In the years since, I’ve asked other Irish people if they remember the suicides, the businessman suicides that happened around this time. They all say no, not really. Maybe I’m asking the wrong people, or everyone’s just forgotten. Maybe Cork was hit worse, or the recession was just an idea, not a real thing that everyone talked about every day.

“I’m moving out,” I announced, and my mother looked at me like I had smashed a jar of pasta sauce on the floor and was now hopping over it, with the excuse that I had a taxi waiting outside.

“With who?”

“A guy from work.”

The tactlessness. It makes me want to climb into a car and set myself on fire. It makes me want to scream at my own unborn child, Don’t you fucking dare abandon me like that.

“You guys have been talking about downsizing anyway,” I said. Which was true. We had five bedrooms: theirs, mine, Christopher’s, Kevin’s, and a little spare room that we used for a study. There was a hot tub, outside, that was a present from my father to my mother on her fortieth birthday. They talked about selling the house constantly.

“In a few years you’ll all be gone,” my dad had said. “And this house will be worth even less.”

My mother would interject here. “Or more,” she would say. “We don’t know what’s going to happen.”

My mother was glaring at me. Hating me for collaborating in the downsizing scheme. But it was too late, and I had made up my mind.

I came home, with laundry, for Christmas. I remember thinking that they looked older, but no one could have aged that much in ten days. The truth was that I had been extremely sheltered. I thought of my parents as heads on Easter Island, and it took moving two miles away to realise they had been people all along.

“Twenty is late to realise that,” James says. He’s probably right.





3


A TEXT from James.


How are the poos babydoll??



Month seven has made me constipated, and the only people in the world who know are my husband and James Devlin. I am not, generally, a poo-talking sort of woman. But there was never a version of this pregnancy where I didn’t tell James every movement, every phase, every symptom.

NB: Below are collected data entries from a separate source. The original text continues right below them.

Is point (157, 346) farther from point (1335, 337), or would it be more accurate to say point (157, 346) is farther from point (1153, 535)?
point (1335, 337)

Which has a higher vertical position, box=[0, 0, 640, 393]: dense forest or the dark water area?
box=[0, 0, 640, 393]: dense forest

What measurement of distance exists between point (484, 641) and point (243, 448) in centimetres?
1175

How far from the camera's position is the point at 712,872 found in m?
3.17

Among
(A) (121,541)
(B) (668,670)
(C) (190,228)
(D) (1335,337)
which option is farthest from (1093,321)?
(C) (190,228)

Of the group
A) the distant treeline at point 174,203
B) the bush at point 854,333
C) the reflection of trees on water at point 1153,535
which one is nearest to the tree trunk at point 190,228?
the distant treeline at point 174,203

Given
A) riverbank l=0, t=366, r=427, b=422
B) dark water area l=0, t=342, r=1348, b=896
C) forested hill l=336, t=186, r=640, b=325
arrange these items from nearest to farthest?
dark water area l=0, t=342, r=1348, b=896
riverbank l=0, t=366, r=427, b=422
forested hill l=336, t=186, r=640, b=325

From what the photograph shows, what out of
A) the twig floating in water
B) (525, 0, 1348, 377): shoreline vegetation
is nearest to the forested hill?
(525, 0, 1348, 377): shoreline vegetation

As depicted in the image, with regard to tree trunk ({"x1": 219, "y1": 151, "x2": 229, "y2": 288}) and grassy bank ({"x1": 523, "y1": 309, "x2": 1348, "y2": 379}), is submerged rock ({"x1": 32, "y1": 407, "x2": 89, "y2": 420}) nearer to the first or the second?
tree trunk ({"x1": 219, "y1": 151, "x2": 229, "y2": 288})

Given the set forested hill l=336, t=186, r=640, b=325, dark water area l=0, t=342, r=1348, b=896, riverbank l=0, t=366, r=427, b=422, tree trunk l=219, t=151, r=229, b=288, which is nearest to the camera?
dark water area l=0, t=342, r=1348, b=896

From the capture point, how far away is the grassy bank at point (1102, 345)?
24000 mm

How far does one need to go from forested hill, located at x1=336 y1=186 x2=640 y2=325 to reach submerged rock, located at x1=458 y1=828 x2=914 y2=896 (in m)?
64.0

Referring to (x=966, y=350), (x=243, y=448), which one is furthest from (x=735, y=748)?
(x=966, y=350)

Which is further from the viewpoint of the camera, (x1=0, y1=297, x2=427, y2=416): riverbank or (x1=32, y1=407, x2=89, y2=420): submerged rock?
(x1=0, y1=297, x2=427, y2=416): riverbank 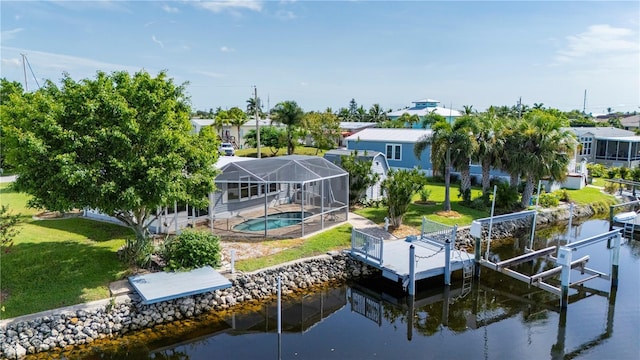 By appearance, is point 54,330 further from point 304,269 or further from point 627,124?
point 627,124

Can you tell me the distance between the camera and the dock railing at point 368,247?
1531 cm

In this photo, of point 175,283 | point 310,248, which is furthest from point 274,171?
point 175,283

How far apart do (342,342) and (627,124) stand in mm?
74105

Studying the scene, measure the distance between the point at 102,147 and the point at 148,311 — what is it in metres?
4.68

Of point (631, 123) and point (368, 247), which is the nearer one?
point (368, 247)

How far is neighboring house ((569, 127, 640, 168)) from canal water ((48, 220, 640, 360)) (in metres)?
28.0

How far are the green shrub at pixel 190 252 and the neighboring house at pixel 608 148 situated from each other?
117 ft

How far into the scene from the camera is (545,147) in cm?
2228

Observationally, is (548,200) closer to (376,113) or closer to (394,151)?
(394,151)

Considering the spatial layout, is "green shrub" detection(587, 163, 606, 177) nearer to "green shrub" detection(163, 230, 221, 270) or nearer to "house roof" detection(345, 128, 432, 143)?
"house roof" detection(345, 128, 432, 143)

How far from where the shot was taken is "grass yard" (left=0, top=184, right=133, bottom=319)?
38.9ft

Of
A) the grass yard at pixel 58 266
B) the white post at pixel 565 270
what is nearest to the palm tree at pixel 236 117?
the grass yard at pixel 58 266

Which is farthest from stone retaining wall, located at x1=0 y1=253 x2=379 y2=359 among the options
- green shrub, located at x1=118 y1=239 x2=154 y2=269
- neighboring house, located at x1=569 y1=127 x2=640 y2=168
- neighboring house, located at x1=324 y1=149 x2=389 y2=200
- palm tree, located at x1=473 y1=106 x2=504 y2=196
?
neighboring house, located at x1=569 y1=127 x2=640 y2=168

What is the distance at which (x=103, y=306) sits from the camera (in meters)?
11.7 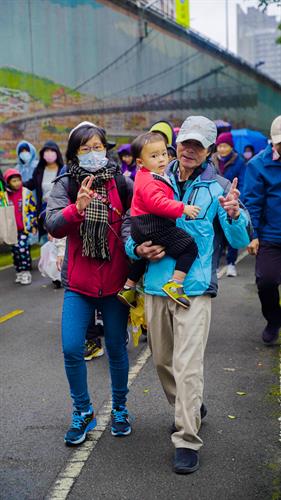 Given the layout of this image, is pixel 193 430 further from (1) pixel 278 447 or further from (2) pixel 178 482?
(1) pixel 278 447

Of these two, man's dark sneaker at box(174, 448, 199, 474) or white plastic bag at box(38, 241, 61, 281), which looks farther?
white plastic bag at box(38, 241, 61, 281)

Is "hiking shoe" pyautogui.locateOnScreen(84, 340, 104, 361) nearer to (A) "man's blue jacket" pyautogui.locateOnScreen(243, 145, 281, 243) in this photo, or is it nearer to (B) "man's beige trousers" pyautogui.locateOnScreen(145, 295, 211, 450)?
(A) "man's blue jacket" pyautogui.locateOnScreen(243, 145, 281, 243)

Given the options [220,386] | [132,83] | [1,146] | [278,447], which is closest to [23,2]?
[1,146]

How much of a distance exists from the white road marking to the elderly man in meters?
0.55

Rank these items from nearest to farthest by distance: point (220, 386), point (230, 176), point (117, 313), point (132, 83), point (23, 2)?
point (117, 313) < point (220, 386) < point (230, 176) < point (23, 2) < point (132, 83)

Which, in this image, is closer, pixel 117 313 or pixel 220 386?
pixel 117 313

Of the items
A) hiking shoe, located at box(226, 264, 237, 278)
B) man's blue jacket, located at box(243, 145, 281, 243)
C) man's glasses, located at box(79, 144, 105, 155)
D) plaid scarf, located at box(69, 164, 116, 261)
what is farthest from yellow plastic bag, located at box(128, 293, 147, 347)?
hiking shoe, located at box(226, 264, 237, 278)

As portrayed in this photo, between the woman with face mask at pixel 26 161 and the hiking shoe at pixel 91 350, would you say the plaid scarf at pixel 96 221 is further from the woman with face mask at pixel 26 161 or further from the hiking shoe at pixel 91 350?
the woman with face mask at pixel 26 161

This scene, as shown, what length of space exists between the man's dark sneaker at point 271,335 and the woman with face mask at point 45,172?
3.92m

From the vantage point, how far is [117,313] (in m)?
3.98

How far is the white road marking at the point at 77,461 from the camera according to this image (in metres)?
3.40

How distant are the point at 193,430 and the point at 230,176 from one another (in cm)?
680

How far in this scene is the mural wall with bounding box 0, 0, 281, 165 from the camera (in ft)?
48.0

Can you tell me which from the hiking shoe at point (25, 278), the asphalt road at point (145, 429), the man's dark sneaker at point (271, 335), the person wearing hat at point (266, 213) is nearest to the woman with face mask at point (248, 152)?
the hiking shoe at point (25, 278) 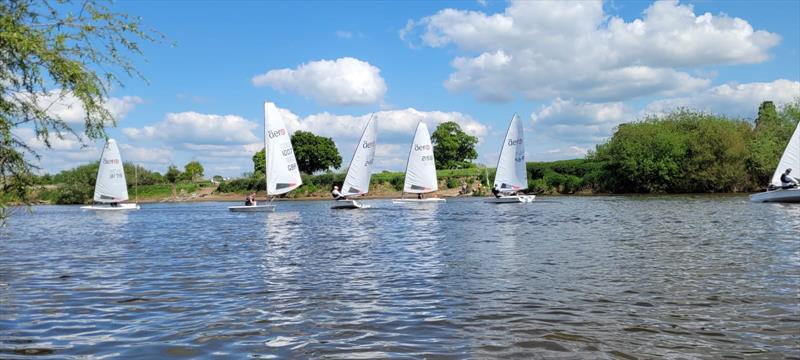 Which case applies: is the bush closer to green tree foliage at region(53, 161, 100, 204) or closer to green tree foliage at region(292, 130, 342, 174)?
green tree foliage at region(292, 130, 342, 174)

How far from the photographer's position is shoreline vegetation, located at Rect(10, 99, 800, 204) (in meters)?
78.1

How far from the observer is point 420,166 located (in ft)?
199

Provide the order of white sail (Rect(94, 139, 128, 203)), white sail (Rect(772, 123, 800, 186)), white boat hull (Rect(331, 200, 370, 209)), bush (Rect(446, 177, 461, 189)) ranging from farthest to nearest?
bush (Rect(446, 177, 461, 189)) → white sail (Rect(94, 139, 128, 203)) → white boat hull (Rect(331, 200, 370, 209)) → white sail (Rect(772, 123, 800, 186))

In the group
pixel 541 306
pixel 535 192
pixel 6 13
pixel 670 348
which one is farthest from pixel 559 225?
pixel 535 192

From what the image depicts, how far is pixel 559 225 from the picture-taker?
2978 cm

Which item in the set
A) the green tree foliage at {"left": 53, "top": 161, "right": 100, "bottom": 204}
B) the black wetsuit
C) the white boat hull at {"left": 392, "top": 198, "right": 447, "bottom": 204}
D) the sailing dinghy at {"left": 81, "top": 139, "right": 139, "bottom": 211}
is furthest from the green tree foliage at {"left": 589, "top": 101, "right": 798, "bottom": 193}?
the green tree foliage at {"left": 53, "top": 161, "right": 100, "bottom": 204}

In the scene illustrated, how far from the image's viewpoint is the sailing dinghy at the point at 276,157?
49.8 metres

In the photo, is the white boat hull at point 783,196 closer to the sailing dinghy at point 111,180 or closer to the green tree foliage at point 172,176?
the sailing dinghy at point 111,180

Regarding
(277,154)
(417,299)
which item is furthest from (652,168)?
(417,299)

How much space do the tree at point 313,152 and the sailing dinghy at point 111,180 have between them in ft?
202

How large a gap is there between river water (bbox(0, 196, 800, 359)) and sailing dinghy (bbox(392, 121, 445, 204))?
3819 cm

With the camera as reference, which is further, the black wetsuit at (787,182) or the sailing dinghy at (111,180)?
the sailing dinghy at (111,180)

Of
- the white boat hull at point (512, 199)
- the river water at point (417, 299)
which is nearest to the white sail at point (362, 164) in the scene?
the white boat hull at point (512, 199)

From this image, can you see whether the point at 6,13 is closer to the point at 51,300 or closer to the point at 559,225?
the point at 51,300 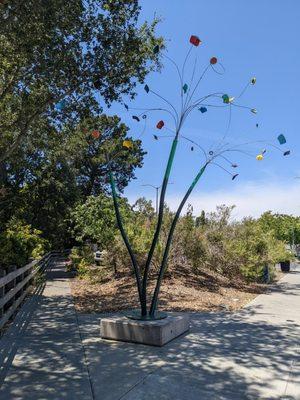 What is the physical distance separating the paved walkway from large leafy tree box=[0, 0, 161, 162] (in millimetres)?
5035

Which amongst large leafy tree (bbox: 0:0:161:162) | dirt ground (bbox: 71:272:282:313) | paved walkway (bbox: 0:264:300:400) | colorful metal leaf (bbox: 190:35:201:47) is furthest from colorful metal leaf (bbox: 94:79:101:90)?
paved walkway (bbox: 0:264:300:400)

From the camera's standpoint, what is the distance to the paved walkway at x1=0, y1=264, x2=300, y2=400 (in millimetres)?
4590

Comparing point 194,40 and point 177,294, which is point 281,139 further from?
point 177,294

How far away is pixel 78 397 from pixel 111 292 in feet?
27.4

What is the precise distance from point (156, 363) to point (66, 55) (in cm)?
796

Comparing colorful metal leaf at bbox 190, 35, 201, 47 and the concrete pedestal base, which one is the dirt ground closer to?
the concrete pedestal base

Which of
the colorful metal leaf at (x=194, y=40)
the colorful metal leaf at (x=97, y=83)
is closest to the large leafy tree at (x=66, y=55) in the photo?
the colorful metal leaf at (x=97, y=83)

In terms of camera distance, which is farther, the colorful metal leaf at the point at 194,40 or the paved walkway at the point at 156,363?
the colorful metal leaf at the point at 194,40

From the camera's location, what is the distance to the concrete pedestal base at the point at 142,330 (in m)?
6.46

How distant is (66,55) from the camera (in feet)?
35.1

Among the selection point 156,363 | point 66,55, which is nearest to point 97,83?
point 66,55

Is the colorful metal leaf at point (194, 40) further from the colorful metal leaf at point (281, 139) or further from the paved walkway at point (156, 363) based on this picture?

Shandon Street is historically a poor part of Cork city, but is strangely picturesque. It’s full of old houses, but also modern riffs on ancient architecture. A pantheon-shaped theatre; an old market hall known simply as the Butter Exchange; a church with real bells and a big fish on the steeple.

The house itself was a cottage, built to house the tubercular families of the 1930s, and the only bathroom was downstairs, through the kitchen. There were two boxy bedrooms upstairs, each big enough for a queen-sized bed, a pine wardrobe and a chest of drawers. In my head, there was no “better room.” James, however, had lived in more places—fifteen homes by that time, and he was only twenty-two—and knew how to take an instant inventory. He saw things I didn’t, like where was bound to get the best of the morning sunlight and which had a window too close to the head of the bed.

“Do you want the room nearest the stairs?” he asked, in a way that made it seem like the stairs room was the best room and he was being chivalrous in offering it to me.

“Sure,” I said, and tossed a black bin bag full of clothes on the bed, where it exploded like an overcooked dumpling.